# Passing the PSI Exam



## 04gixx6

green4now said:


> I've been asking people for recommendations as to study guides and I realize that I might be asking the wrong questions. What I'd like is suggestions for how to pass my exam. Basically, my deal is:
> 
> 1 - I have 6 months to study for and pass the Journeyman PSI.
> 
> 2 - I have had no formal training, just on-the-job residential and light-commercial projects. (No industrial, no 3-phase. I've never even bent conduit.)
> 
> 3 - I'm a diligent worker and also a quick study.
> 
> 4 - I *must* pass this or I might not be allowed to re-apply (my state says they've gotten so many applicants that they aren't really allowing that so much), and anyway I don't think I can afford to re-apply. So I MUST study and pass within 6 months.
> 
> 5 - I'm broke until I pass. So an expensive course is out of the question. I'm making about $1000/month. But I can buy some books if I'm sure they're the right ones. And I have the time and discipline to read them. Can you make any recommendations? Thank you.


What state are you in? There are apps out there for like $5 where you can take practice tests. I did 6 practice tests one week before testing and passed. The keys are to get familiar with the code book. You won't be able to memorize everything which is why you should also be able to reference the code. But you first have to understand what they're asking in the first place. They phrase questions with "filler" info that doesn't pertain to the question at all. Tune that out and figure out the pertinent info. 

Sent from my LG-H910 using Tapatalk


----------



## MechanicalDVR

I'd try to get as much online as possible. Practice tests, etc.


----------



## RunningSparky

Mike Holt website has practice exams that you can take once, to asses what areas are weak.


----------



## Botens

Just take practice exam after practice exam and get real familiar with the code book. I bought tabs for mine from Mike Holt but added additional tabs to sections that I kept forgetting about. I also highlighted parts that kept popping up on different practice tests. I used a practice exam book from Tom Henry as well as free practice exams I could find on line. If your exam is on a computer I would concentrate on taking practice exams online so your used to taking it on a computer. Tests.com cost me $80 but was worth it. It helped me pass the masters exam.
Also, I don't know what the journeyman exam is like where your at, but my exam contained very few calculations. The calculations it did contain were basic, so I would concentrate more on the open book questions.
Time yourself when you take the practice exams. Once you get to where you can get a passing grade in the allotted amount of time you should be ready to go.
And another thing, when you come across something in the code book that you don't know what it is or understand it; research it, Google it, youtube it, ask in this forum, until you do. You will get to know the code book a lot better if you understand it.


----------



## green4now

04gixx6 said:


> What state are you in?


Colorado



> There are apps out there for like $5 ....


Can you point me to one? I haven't seen anything that cheap online.
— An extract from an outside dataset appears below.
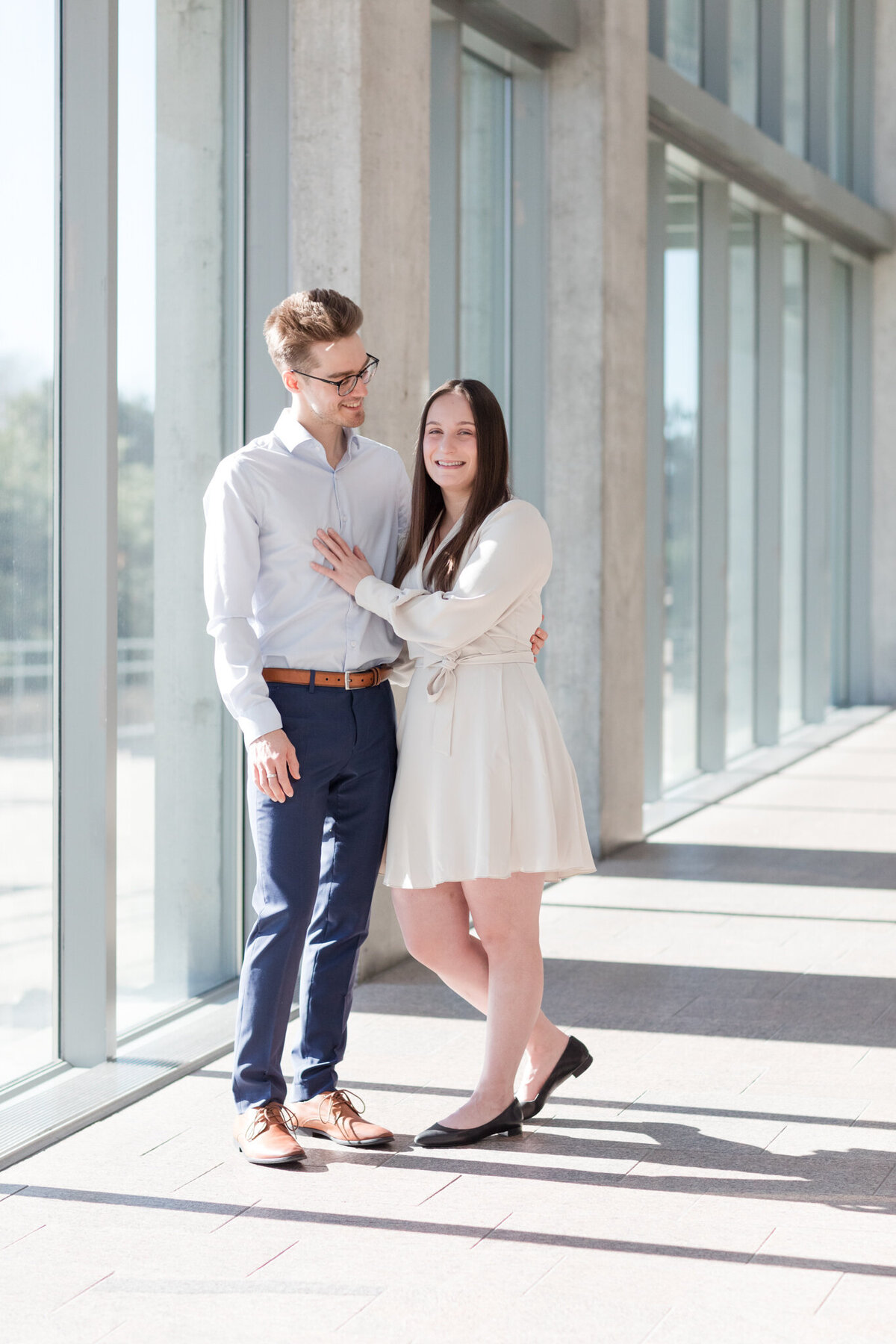 Melissa and Yannick strike a pose in the warm side-lit ambiance of the National Art Gallery, showcasing their love amidst the architectural beauty.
Unless you mean "apps" like for an iPhone? I don't have a cell.[/QUOTE]


----------



## icdubois

Check out
http://bobotechnologies.com/

On the home page it states "Guaranteed to pass the Colorado state electrical exam"

I have heard from a few guys that have taken this prep and they say that it well worth it. Yeah it costs $400 but what does it cost you if you can't work? Or how much are you going to make with your license?


----------